Assignment ▸ Each line of the listing that contains "Museum" should be found and copied.

Data under study ▸
============
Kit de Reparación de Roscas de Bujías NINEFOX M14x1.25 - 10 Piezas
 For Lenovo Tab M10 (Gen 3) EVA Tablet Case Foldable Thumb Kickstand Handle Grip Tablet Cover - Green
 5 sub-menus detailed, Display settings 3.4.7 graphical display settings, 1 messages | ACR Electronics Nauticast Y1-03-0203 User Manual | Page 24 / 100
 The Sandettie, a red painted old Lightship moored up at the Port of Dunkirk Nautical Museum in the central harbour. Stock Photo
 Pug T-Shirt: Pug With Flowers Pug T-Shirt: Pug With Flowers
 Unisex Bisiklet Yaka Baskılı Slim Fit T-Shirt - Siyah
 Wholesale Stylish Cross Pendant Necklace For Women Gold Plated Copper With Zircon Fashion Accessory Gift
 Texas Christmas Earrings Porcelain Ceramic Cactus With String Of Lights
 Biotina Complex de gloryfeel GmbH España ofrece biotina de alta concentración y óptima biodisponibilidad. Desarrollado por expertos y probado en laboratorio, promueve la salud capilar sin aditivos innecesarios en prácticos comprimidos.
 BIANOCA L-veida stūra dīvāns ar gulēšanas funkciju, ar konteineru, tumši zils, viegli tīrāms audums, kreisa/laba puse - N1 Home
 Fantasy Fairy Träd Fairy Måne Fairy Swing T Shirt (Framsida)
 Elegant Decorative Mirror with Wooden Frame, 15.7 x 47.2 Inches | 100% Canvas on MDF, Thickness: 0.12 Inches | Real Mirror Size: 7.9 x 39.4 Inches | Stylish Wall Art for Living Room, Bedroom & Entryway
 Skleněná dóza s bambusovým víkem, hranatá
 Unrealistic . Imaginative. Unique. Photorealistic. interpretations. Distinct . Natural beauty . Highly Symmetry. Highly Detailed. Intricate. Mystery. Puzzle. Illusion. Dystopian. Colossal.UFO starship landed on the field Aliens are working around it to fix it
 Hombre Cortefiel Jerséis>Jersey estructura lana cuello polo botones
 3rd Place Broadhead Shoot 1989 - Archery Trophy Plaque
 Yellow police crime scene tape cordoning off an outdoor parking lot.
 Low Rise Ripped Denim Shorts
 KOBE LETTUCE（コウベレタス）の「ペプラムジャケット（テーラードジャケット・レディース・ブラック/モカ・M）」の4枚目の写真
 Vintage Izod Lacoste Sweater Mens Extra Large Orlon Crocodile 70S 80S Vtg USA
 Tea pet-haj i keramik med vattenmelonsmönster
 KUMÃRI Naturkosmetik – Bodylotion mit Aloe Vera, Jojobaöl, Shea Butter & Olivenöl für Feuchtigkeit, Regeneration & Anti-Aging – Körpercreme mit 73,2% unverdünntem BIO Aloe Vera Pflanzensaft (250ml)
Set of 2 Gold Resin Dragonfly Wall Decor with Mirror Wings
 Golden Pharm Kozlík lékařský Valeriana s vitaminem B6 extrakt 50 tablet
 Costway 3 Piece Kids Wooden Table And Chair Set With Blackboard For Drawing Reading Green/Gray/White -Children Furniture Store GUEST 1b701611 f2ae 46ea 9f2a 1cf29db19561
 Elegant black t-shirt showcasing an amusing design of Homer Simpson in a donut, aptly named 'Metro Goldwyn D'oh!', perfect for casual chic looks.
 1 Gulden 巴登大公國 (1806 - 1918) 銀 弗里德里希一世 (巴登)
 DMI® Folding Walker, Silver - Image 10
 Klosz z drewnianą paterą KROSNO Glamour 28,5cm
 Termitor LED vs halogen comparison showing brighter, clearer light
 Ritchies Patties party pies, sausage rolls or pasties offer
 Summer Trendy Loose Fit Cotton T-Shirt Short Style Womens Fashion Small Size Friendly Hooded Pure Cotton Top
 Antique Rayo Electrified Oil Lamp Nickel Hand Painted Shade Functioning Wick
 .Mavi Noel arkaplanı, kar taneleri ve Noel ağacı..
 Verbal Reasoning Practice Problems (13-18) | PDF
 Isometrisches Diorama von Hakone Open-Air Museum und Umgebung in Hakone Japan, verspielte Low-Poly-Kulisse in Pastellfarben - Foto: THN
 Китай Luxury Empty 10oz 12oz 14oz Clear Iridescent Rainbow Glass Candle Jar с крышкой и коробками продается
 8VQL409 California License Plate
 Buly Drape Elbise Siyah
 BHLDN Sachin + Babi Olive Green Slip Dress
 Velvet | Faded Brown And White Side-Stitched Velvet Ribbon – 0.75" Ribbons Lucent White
============
The completed task ▸
 The Sandettie, a red painted old Lightship moored up at the Port of Dunkirk Nautical Museum in the central harbour. Stock Photo
 Isometrisches Diorama von Hakone Open-Air Museum und Umgebung in Hakone Japan, verspielte Low-Poly-Kulisse in Pastellfarben - Foto: THN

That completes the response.